— What the task asks —
Please set down the line that contains "Yapay zekalı sohbet" and every line below it through the last, exactly as written, with no other lines.

+++

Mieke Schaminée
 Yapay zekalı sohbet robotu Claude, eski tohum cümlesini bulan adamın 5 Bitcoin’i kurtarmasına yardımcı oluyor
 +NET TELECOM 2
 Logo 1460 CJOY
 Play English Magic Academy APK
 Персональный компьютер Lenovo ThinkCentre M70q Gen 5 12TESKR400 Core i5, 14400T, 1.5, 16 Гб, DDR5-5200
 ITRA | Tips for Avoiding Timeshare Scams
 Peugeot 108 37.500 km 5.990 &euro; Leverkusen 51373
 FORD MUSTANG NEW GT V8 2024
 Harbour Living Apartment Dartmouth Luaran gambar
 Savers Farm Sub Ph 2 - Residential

+++

— Solution for this problem —
 Yapay zekalı sohbet robotu Claude, eski tohum cümlesini bulan adamın 5 Bitcoin’i kurtarmasına yardımcı oluyor
 +NET TELECOM 2
 Logo 1460 CJOY
 Play English Magic Academy APK
 Персональный компьютер Lenovo ThinkCentre M70q Gen 5 12TESKR400 Core i5, 14400T, 1.5, 16 Гб, DDR5-5200
 ITRA | Tips for Avoiding Timeshare Scams
 Peugeot 108 37.500 km 5.990 &euro; Leverkusen 51373
 FORD MUSTANG NEW GT V8 2024
 Harbour Living Apartment Dartmouth Luaran gambar
 Savers Farm Sub Ph 2 - Residential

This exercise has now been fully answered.